One-day-at-a-time—–and breathe.
The other day I saw a tennis instructor working with a young pupil. A basket full of tennis balls accompanied the teacher. I am not a tennis player and now little about other than what I learned the times I tried it in my youth. This was a new visual for me. Tennis ball after tennis ball after tennis ball went from instructor’s racket over the net to teh student’s racket. It clearly was a practice they had done hundreds of times because the student knew without a spoken word when to move to different parts of the tennis court, or to use a backhand or or overhead swing. It was fascinating to watch. Hours and hours and tens of thousands of tennis balls……tennis ball after tennis ball after tennis ball, again and again and again.
Every now and again the student would get frustrated because a shot was missed.

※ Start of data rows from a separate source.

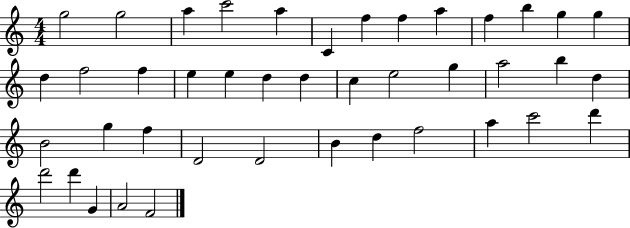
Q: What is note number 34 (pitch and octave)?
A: F5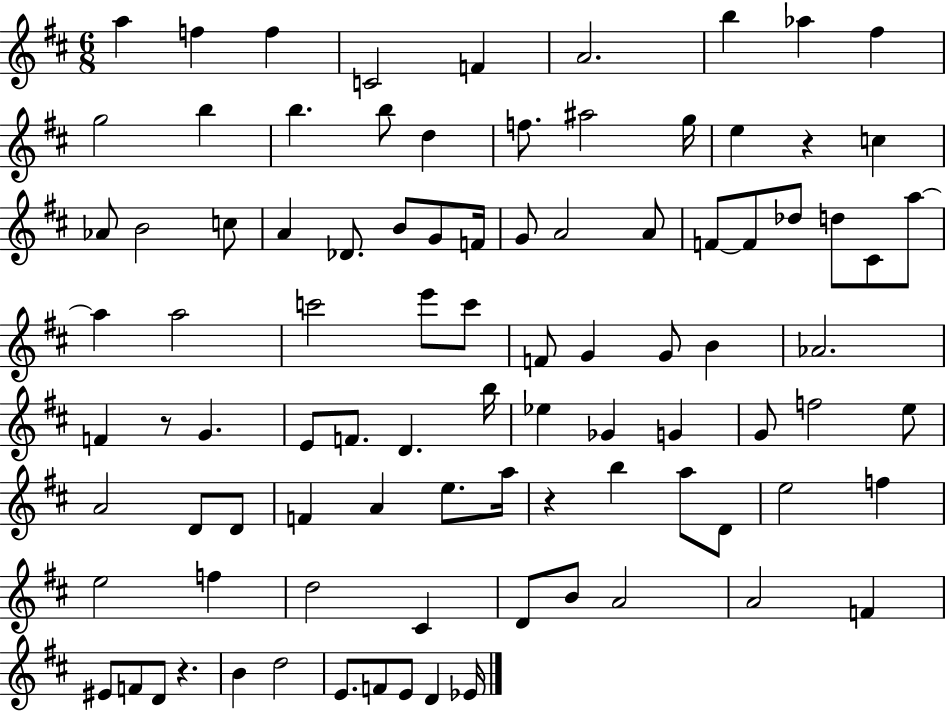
X:1
T:Untitled
M:6/8
L:1/4
K:D
a f f C2 F A2 b _a ^f g2 b b b/2 d f/2 ^a2 g/4 e z c _A/2 B2 c/2 A _D/2 B/2 G/2 F/4 G/2 A2 A/2 F/2 F/2 _d/2 d/2 ^C/2 a/2 a a2 c'2 e'/2 c'/2 F/2 G G/2 B _A2 F z/2 G E/2 F/2 D b/4 _e _G G G/2 f2 e/2 A2 D/2 D/2 F A e/2 a/4 z b a/2 D/2 e2 f e2 f d2 ^C D/2 B/2 A2 A2 F ^E/2 F/2 D/2 z B d2 E/2 F/2 E/2 D _E/4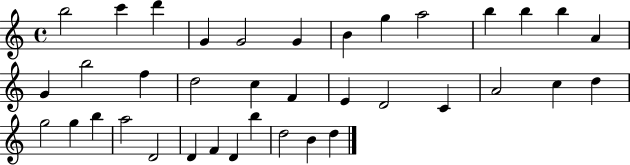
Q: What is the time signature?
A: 4/4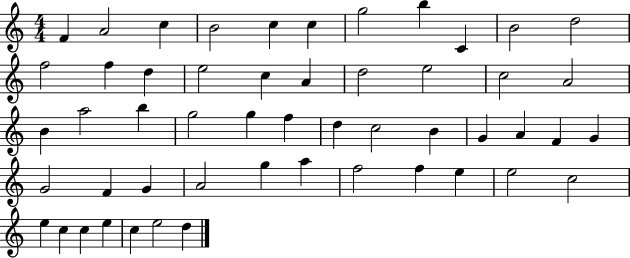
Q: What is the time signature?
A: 4/4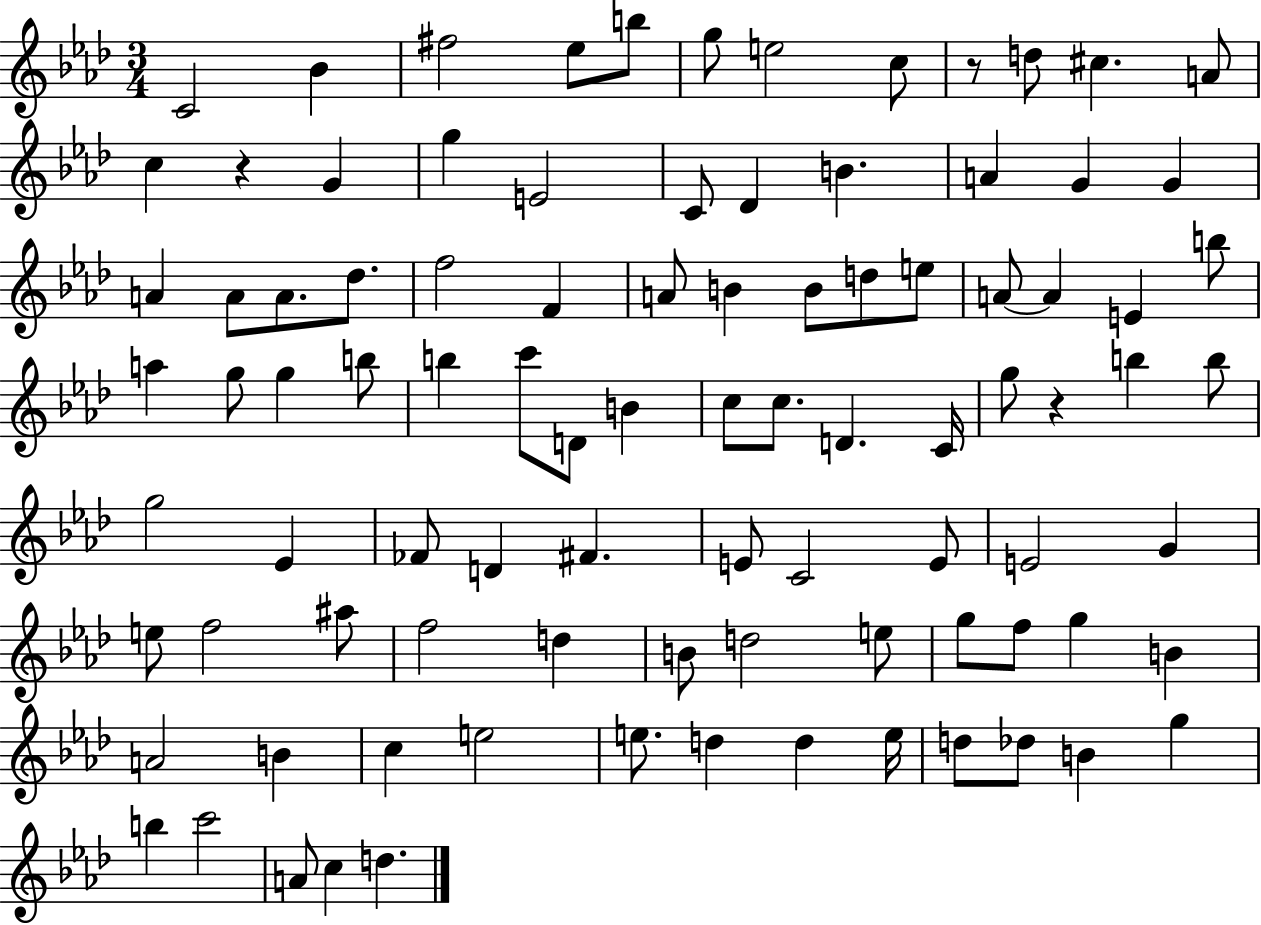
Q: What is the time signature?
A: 3/4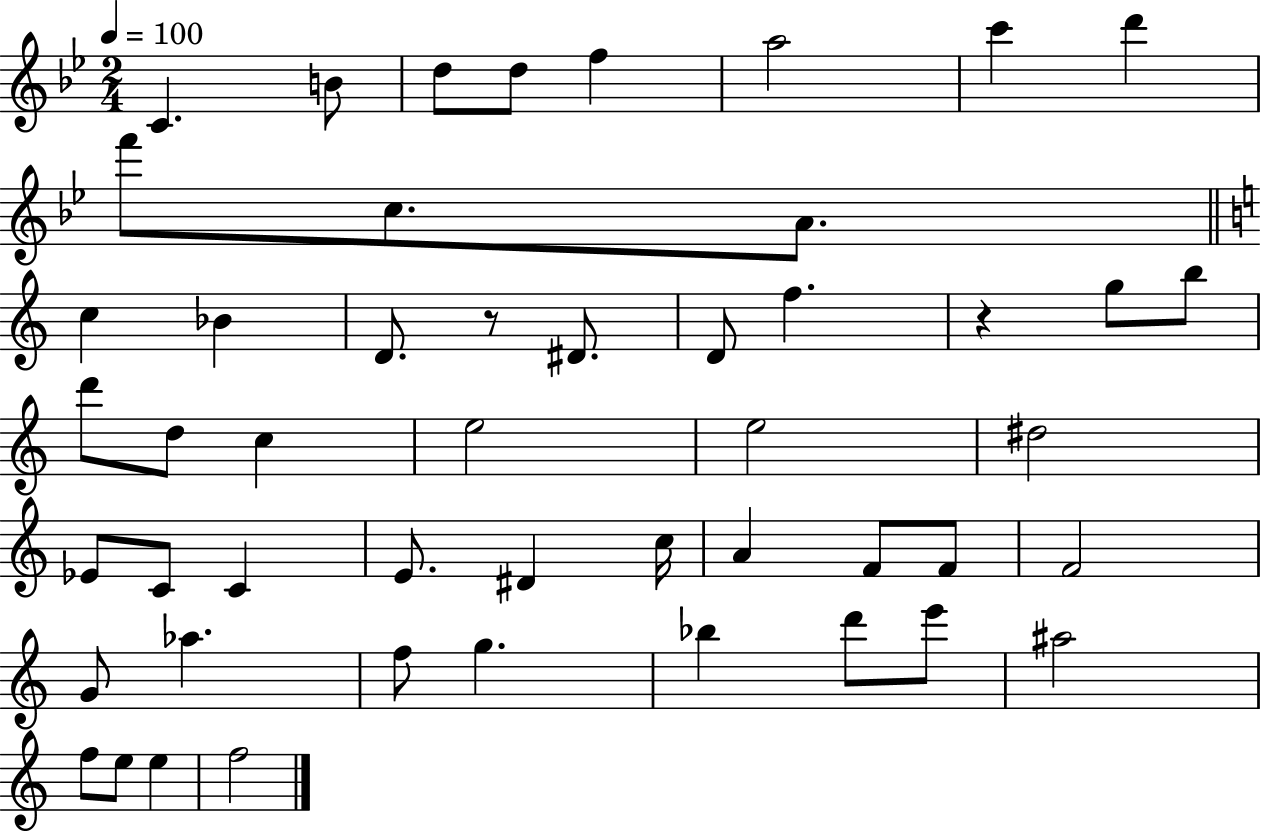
{
  \clef treble
  \numericTimeSignature
  \time 2/4
  \key bes \major
  \tempo 4 = 100
  c'4. b'8 | d''8 d''8 f''4 | a''2 | c'''4 d'''4 | \break f'''8 c''8. a'8. | \bar "||" \break \key a \minor c''4 bes'4 | d'8. r8 dis'8. | d'8 f''4. | r4 g''8 b''8 | \break d'''8 d''8 c''4 | e''2 | e''2 | dis''2 | \break ees'8 c'8 c'4 | e'8. dis'4 c''16 | a'4 f'8 f'8 | f'2 | \break g'8 aes''4. | f''8 g''4. | bes''4 d'''8 e'''8 | ais''2 | \break f''8 e''8 e''4 | f''2 | \bar "|."
}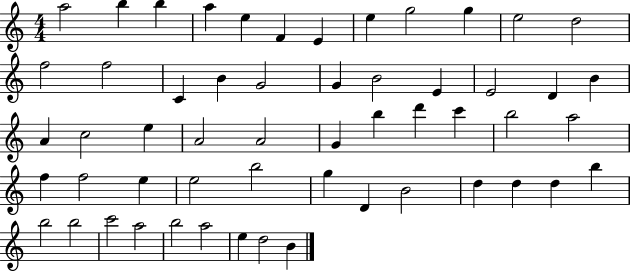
A5/h B5/q B5/q A5/q E5/q F4/q E4/q E5/q G5/h G5/q E5/h D5/h F5/h F5/h C4/q B4/q G4/h G4/q B4/h E4/q E4/h D4/q B4/q A4/q C5/h E5/q A4/h A4/h G4/q B5/q D6/q C6/q B5/h A5/h F5/q F5/h E5/q E5/h B5/h G5/q D4/q B4/h D5/q D5/q D5/q B5/q B5/h B5/h C6/h A5/h B5/h A5/h E5/q D5/h B4/q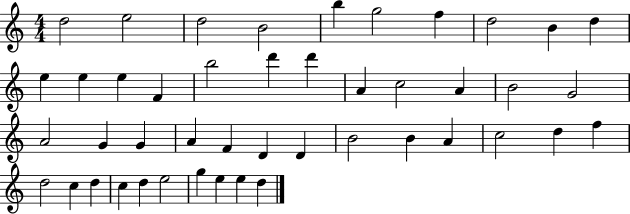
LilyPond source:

{
  \clef treble
  \numericTimeSignature
  \time 4/4
  \key c \major
  d''2 e''2 | d''2 b'2 | b''4 g''2 f''4 | d''2 b'4 d''4 | \break e''4 e''4 e''4 f'4 | b''2 d'''4 d'''4 | a'4 c''2 a'4 | b'2 g'2 | \break a'2 g'4 g'4 | a'4 f'4 d'4 d'4 | b'2 b'4 a'4 | c''2 d''4 f''4 | \break d''2 c''4 d''4 | c''4 d''4 e''2 | g''4 e''4 e''4 d''4 | \bar "|."
}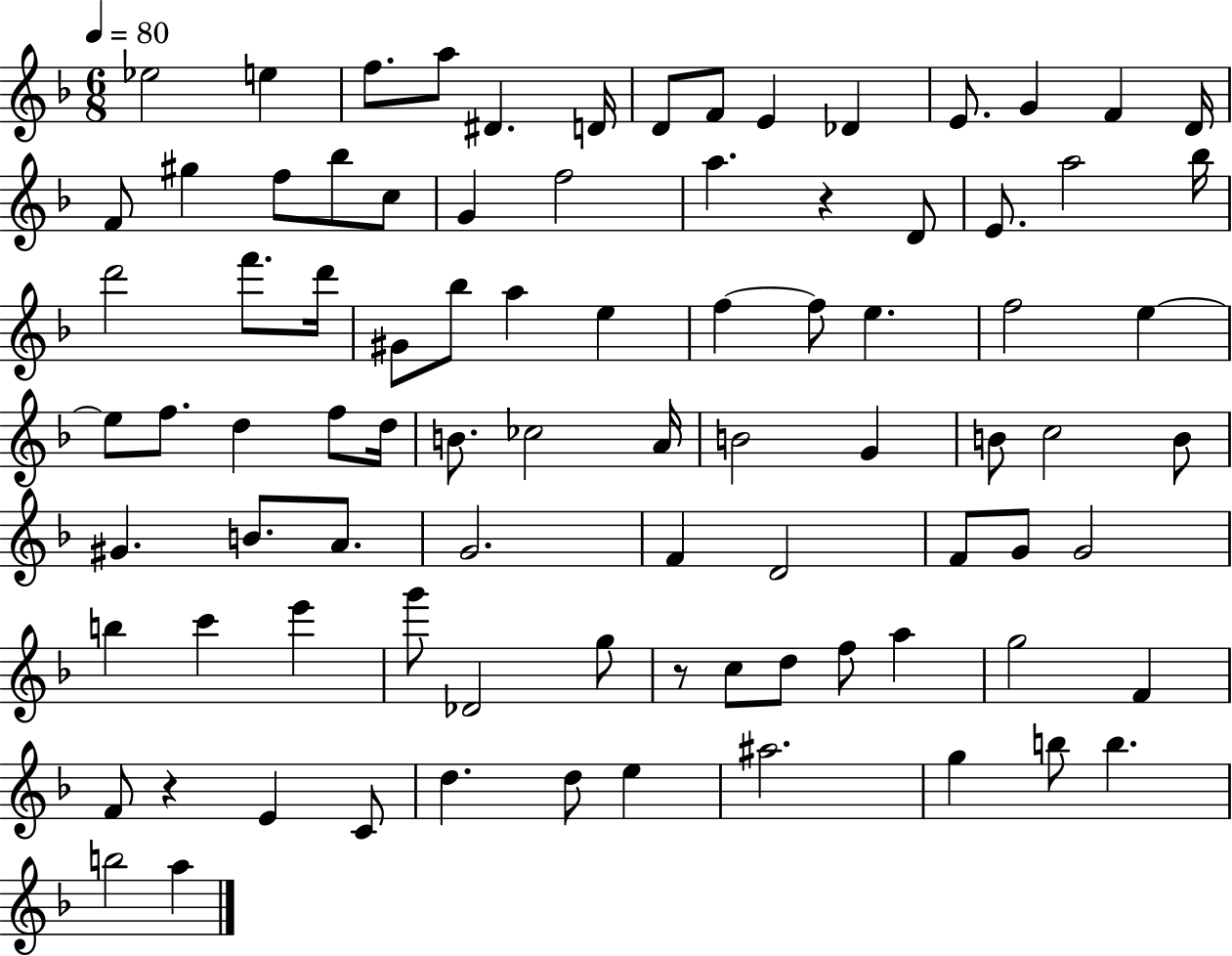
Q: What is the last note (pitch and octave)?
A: A5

“Grrrrrrrr” came the noise.
All for one goal—–perfection.
We too do the same thing when it comes to our children and their diabetes management. Again, and again, and again we try, striving for that perfection. Perhaps we need to give ourselves a break sometimes because we are going to be right back it tomorrow, and teh next day until such time that the ‘break’ we wait for and this disease is cured once and for all. But until such time it’s injection after blood check after treating a low after injection after blood check after treating a low after injection after……..
“Grrrrrrrr”.
I am a diabetes dad.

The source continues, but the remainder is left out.